Clinical staff education sessions can vary in size from a presentation in a lecture theatre to 30 new clinical staff to a tea-room chat with three to four midwives. I was averaging two education sessions every month, but this has dropped away with COVID-19 meeting conditions. Online self-education is now the favoured mode of delivery so there will now be a focus on developing online education about ABF and CDI.

• Data Analyst: interrogating health data sets for audits, management reporting and research. While I can produce simple data reports for local audits, our local data analysts are experts at extracting data. I liaise regularly with our analysts about report setups – particularly those that require data sourced from coded diagnoses and procedures. Our analysts regularly send me reports to review to check their validity from an ABF or clinical coding perspective.

• Data Governance: I am a member of several departmental committees concerned with the data governance process. Some of the committees are concerned with data policy and procedure issues, and others are designed to keep abreast of ongoing data governance issues and projects.

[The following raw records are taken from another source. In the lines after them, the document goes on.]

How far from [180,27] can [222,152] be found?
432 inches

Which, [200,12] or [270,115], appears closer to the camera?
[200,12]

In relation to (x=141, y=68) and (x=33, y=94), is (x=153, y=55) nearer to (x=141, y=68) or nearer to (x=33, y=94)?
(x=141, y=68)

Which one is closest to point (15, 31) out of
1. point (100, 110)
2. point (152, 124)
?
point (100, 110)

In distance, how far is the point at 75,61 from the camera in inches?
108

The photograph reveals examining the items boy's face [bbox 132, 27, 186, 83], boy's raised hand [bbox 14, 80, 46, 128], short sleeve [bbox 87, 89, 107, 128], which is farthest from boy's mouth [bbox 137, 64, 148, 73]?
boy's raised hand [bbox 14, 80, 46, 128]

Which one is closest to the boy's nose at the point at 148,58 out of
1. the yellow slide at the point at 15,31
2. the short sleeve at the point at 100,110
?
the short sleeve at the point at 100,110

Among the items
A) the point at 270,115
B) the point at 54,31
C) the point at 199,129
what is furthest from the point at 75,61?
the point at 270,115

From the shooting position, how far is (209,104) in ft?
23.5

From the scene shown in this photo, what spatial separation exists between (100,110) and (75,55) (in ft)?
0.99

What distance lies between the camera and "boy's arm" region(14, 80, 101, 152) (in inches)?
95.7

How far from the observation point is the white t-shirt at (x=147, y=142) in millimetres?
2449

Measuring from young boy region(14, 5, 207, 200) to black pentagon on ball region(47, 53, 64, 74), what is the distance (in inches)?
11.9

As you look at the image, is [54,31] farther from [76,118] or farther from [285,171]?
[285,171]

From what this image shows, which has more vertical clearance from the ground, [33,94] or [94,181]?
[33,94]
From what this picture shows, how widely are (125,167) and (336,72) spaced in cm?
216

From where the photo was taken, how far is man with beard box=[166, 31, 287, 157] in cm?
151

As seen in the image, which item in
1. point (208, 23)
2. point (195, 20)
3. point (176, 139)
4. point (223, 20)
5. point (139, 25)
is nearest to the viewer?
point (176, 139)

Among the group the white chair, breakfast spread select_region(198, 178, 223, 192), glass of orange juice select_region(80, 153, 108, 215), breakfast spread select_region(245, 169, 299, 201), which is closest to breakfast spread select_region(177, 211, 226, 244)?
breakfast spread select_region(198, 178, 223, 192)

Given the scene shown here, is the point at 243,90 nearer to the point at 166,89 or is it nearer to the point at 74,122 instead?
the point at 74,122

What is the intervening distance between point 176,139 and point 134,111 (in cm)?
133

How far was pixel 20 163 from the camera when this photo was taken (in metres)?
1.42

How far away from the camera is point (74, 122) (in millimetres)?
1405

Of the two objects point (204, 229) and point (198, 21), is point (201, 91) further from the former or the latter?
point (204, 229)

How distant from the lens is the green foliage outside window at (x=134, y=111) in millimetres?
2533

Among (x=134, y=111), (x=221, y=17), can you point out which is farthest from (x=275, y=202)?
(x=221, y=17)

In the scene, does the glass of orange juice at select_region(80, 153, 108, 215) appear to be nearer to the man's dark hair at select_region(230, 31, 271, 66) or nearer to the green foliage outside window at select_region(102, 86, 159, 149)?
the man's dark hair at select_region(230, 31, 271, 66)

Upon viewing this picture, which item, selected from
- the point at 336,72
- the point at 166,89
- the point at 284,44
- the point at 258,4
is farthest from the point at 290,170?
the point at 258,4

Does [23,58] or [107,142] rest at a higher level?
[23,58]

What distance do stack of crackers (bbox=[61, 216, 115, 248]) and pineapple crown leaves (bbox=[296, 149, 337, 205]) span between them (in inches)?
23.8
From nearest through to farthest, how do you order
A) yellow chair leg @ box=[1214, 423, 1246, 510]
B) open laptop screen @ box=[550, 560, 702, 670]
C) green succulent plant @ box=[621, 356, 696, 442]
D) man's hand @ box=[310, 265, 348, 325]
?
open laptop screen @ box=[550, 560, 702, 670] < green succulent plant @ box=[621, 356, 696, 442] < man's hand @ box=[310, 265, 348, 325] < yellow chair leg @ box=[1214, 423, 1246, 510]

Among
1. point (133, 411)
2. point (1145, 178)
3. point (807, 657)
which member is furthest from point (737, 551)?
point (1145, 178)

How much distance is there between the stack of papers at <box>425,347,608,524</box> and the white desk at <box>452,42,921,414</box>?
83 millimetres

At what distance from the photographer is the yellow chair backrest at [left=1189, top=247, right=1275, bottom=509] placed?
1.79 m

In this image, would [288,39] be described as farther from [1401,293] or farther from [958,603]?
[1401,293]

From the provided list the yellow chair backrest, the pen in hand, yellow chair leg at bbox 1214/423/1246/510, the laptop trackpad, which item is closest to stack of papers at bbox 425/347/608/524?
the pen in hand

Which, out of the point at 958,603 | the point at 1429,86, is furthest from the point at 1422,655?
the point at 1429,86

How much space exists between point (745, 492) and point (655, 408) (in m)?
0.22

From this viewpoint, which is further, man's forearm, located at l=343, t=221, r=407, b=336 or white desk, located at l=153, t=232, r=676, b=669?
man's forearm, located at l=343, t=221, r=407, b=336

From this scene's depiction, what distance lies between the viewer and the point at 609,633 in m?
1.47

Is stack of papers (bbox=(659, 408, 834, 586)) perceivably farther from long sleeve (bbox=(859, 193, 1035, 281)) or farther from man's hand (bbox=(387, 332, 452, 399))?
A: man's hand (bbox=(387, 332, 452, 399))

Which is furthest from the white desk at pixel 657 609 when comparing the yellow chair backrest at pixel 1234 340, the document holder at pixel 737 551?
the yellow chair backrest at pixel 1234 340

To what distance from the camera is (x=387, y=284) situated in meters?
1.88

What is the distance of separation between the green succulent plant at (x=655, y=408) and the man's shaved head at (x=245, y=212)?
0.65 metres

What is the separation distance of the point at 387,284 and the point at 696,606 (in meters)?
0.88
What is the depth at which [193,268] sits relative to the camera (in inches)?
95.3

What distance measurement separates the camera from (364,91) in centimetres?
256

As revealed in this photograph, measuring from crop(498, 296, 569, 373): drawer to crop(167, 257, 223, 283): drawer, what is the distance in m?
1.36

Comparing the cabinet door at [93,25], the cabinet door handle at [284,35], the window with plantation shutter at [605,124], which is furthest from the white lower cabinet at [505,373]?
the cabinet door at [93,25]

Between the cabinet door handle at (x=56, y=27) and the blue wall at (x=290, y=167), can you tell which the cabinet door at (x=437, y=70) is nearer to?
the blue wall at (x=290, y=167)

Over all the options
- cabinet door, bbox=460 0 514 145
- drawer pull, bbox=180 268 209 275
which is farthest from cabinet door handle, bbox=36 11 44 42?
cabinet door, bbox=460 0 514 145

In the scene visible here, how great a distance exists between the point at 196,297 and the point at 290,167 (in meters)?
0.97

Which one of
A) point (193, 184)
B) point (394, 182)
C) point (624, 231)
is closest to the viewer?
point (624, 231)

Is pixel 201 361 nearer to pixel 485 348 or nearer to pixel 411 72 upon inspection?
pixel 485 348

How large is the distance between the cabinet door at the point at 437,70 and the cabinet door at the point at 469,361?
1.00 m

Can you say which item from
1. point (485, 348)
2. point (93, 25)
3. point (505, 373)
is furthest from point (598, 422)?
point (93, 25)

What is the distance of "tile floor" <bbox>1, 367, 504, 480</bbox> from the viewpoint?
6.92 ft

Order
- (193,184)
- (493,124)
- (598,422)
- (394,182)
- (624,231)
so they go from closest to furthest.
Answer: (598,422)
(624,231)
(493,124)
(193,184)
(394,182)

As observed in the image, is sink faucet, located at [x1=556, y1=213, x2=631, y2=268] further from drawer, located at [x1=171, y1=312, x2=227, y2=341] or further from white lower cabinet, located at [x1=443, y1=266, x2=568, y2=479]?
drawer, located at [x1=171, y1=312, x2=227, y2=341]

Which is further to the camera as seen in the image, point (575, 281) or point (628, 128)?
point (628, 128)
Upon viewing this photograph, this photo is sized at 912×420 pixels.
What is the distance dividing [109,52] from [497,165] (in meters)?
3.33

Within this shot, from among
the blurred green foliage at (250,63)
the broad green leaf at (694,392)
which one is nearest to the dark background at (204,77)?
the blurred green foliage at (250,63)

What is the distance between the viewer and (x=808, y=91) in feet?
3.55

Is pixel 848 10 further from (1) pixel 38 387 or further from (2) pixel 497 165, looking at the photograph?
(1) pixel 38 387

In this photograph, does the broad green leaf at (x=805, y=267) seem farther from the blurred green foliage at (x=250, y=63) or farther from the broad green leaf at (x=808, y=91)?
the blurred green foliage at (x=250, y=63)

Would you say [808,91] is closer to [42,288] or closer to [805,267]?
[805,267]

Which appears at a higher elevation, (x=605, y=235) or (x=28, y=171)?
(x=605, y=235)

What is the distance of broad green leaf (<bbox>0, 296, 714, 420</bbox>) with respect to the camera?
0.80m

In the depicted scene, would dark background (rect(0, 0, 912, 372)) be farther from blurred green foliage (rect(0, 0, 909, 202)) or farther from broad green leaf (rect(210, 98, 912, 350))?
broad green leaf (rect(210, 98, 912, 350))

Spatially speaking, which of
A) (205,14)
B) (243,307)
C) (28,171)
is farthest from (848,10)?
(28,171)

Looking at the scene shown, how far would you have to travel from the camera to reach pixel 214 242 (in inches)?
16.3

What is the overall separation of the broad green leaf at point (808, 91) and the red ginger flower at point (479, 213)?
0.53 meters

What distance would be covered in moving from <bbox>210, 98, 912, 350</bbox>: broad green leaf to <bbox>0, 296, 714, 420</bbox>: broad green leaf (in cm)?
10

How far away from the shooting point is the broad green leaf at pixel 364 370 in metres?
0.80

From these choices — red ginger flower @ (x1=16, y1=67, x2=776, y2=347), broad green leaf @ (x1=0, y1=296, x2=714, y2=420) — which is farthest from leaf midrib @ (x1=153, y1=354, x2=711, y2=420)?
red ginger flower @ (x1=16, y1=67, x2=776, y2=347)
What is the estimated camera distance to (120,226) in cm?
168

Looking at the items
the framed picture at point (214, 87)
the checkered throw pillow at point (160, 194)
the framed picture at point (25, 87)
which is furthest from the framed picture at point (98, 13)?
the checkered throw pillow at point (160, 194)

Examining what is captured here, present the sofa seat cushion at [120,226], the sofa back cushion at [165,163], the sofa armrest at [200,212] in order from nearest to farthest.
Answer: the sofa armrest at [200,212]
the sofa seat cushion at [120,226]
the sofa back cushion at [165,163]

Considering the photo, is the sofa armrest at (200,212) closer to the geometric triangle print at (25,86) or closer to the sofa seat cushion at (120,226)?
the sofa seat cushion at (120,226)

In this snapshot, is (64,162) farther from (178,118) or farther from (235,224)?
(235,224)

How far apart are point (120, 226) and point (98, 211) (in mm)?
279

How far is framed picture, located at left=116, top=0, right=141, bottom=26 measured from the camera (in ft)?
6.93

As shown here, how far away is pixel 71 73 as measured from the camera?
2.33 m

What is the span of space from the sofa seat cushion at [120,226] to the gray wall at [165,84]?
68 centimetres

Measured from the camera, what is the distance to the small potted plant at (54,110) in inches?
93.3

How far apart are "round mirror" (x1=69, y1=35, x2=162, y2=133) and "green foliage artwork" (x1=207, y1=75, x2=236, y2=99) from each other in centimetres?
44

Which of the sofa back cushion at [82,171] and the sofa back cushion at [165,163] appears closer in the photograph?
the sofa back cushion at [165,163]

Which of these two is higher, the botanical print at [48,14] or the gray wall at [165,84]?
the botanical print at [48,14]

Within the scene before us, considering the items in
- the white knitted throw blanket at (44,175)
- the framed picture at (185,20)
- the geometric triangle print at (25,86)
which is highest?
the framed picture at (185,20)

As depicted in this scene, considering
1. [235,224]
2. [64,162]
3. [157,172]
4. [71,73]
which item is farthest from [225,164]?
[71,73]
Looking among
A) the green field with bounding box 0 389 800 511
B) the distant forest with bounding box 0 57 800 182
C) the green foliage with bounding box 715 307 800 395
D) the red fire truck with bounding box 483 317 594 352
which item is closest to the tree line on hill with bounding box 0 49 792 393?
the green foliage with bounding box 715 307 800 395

Over the last three years I have also been involved in the NT’s Core Clinical System Renewal Project (CCSRP). From the project’s information website: ‘CCSRP is developing a single, secure, Territory–wide, electronic patient record that integrates multiple systems currently used by NT Health, and replaces current aging clinical systems.’ This includes in the initial stages, replacing the three separate PAS used in acute, community and primary health care centres. The NT does have a bit of a headstart regarding the PAS, as for the last 30 years every NT health client has been allocated a unique identifier (known as the Health Record Number or HRN) that is used across the remote clinics, the urban health centres and the Territory’s five hospitals.

As one of the patient administration leads for the CCSRP, I provide ‘expert knowledge’ on our old acute care (hospital) PAS, concerning how the patient registration data is captured and reported. My advice includes:

• Which current PAS processes are useful and should be part of the new system

• Where PAS data capture processes can be improved using the new system’s existing program or requiring program development

• Where reporting processes can be improved using the new system’s existing program or requiring program development.

The next two years will be very interesting for patient service departments and health information work units as the PAS program is developed and implemented across the NT.

I consider myself fortunate to be employed in a remote health service where the knowledge of a HIM is respected and regularly sought by other health service managers and clinicians. My roles have evolved over the years and will continue to transform with the everchanging health environment.